Wer in der Medizintechnik produziert, muss genau auf Sauberkeit und Präzision achten. Geschieht dies nicht permanent und vollständig, ist später die gesamte produzierte Charge nicht zu gebrauchen. Denn wenn nicht sauber produziert wird, können bei der Injektion Verunreinigungen in den Körper des Patienten gelangen. Für den täglichen Betrieb erhielt das autorisierte Personal deshalb spezielle Reinigungsanweisungen, die auf diese Umstände und auf die fortlaufende Dokumentationspflicht hinweisen. Generell kontrollieren Luftmessungen ständig die Sauberkeit. Neben der optischen Reinheit von Maschine und Werkzeug misst der Hersteller mit Prüfgeräten zusätzlich die in der Raumluft vorhandenen Partikel.
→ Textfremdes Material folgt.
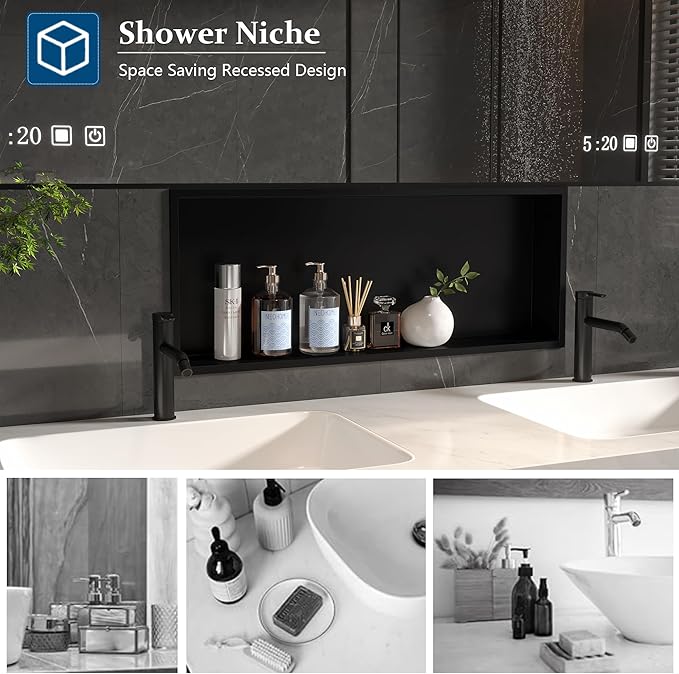 Neodrain Shower Niche, Insert Bathroom Storage Shower Shelf, Stainless Steel Recessed Wall Niche No Tiled Recessed Cabinet Waterproof for Shower Storage(Matte Black,30"x12")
An den Montageplätzen muss außerdem die gesamte Arbeitsfläche vor Montagebeginn mit herkömmlichem Reinigungsmittel gesäubert werden. Anschließend erfolgt zusätzlich eine Reinigung mit Desinfektionsmittel – für alles nutzen die Ausführenden Einweghandschuhe. Das Desinfektionsmittel muss erst vollständig abgetrocknet und die Partikelkonzentration gemessen sein, bevor sie mit der Arbeit beginnen können. Während der Montage müssen die Monteure den Arbeitsplatz mindestens einmal pro Stunde mit einem Desinfektionstuch reinigen. Während der gesamten Produktion und Montage der Teile für den Injektor liegt damit minimal die Reinheitsklasse ISO8 an. Der Aufwand spiegelt sich in sterilen, hygienischen Produkten wider.

 

Experten-Tipp

Was ist eine Karpule?

Im Gegensatz zur ebenfalls aus Glas bestehenden Ampulle ist die Handhabung bei einer Karpulen-Lösung einfacher. Während der Anwender eine Ampulle erst aufsägen und dann in eine herkömmliche Einmal-Spritze aufziehen muss, wird die Karpule, ein versiegelter Glasbehälter mit genau dosiertem flüssigem Wirkstoff, lediglich in eine Vorschubeinheit eingelegt. Dort durchsticht eine Kunststoffnadel die Gummimembran automatisch beim Drücken des Stößels und die Karpule gibt die Flüssigkeit zur Injektion über eine Kanüle frei. Auch der verschiebbare Pfropfen der Karpule besteht zur optimalen Abdichtung aus Gummi.